VME-CPU

From DaqWiki
Jump to navigation Jump to search

VME CPU information

Cloning USB and CF Flash boot cards

The V7805 VME CPU can run Linux from USB flash memory, V7865 VME CPU can run Linux from CompactFlash or USB flash memory. Disk size 8 GB or bigger is recommended for running SL5.5 Linux. Highest available speed grade devices should be used: 266X or better for CompactFlash, 200X or "30MB read/15MB write" for USB Flash. Also be aware that some CompactFlash and USB Flash devices have been observed to corrupt Linux filesystems within a few days of use. The specific flash memory brands and models we presently use do not see to have this problem.

When working CompactFlash memory, attach it to a USB-CF adapter and treat it as USB flash memory in the following instructions.
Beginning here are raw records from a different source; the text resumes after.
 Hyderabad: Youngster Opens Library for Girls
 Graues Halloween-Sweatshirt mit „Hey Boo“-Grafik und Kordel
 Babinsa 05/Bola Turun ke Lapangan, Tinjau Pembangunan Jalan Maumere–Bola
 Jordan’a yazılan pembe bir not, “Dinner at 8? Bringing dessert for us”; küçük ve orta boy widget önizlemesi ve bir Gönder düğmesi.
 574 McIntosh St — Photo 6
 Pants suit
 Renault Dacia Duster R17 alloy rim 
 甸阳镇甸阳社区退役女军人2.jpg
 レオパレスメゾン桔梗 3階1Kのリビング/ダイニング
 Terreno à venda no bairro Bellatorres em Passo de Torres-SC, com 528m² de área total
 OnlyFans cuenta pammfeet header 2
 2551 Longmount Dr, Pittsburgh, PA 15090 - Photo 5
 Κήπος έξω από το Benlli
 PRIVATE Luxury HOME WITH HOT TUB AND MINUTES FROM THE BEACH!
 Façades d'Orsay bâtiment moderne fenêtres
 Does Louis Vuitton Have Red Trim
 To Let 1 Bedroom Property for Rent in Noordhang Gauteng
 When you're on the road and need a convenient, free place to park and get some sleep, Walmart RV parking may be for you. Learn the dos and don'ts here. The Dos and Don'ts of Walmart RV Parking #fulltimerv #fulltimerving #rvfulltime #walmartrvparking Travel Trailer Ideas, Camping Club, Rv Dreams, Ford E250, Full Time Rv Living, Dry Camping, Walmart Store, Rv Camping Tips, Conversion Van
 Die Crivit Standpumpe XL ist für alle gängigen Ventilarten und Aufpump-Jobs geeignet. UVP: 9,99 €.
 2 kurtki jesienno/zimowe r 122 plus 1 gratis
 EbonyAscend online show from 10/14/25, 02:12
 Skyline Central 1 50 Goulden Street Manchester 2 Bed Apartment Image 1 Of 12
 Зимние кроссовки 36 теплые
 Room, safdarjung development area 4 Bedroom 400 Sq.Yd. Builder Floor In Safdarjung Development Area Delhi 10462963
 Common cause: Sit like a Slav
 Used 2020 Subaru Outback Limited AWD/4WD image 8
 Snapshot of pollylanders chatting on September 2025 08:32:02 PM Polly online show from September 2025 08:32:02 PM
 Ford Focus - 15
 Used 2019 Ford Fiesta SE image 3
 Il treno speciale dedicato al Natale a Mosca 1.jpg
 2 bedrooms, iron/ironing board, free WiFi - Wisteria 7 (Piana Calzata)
Clone disk using the script clone.perl

  • attach the USB flash disk to some computer connected to the LADD cluster
  • become root
  • check that correct device appears in the device list: fdisk -l
  • assume new device is /dev/sdc
  • select an Linux image that we will clone:
    • 64-bit SL6 image for V7865 VME processors: use /ladd/data1/root/lxiris01
    • 32-bit SL6 image for dual-Athlon machines: use /ladd/data1/root/ladd13
  • cd /home/olchansk/sysadm/clone
  • ./clone.perl /ladd/data1/root/ladd13 /dev/sdc
  • df -kl ### check that /dev/sdc is not mounted
  • disconnect the USB flash disk, try to boot from it.

The clone script has been tested in these configurations:

  • clone 64-bit SL6 VME CPU image to 8GB and 16GB USB flash, GRUB bootloader
  • clone 32-bit SL6 image to 500GB IDE-USB disk, EXTLINUX bootloader.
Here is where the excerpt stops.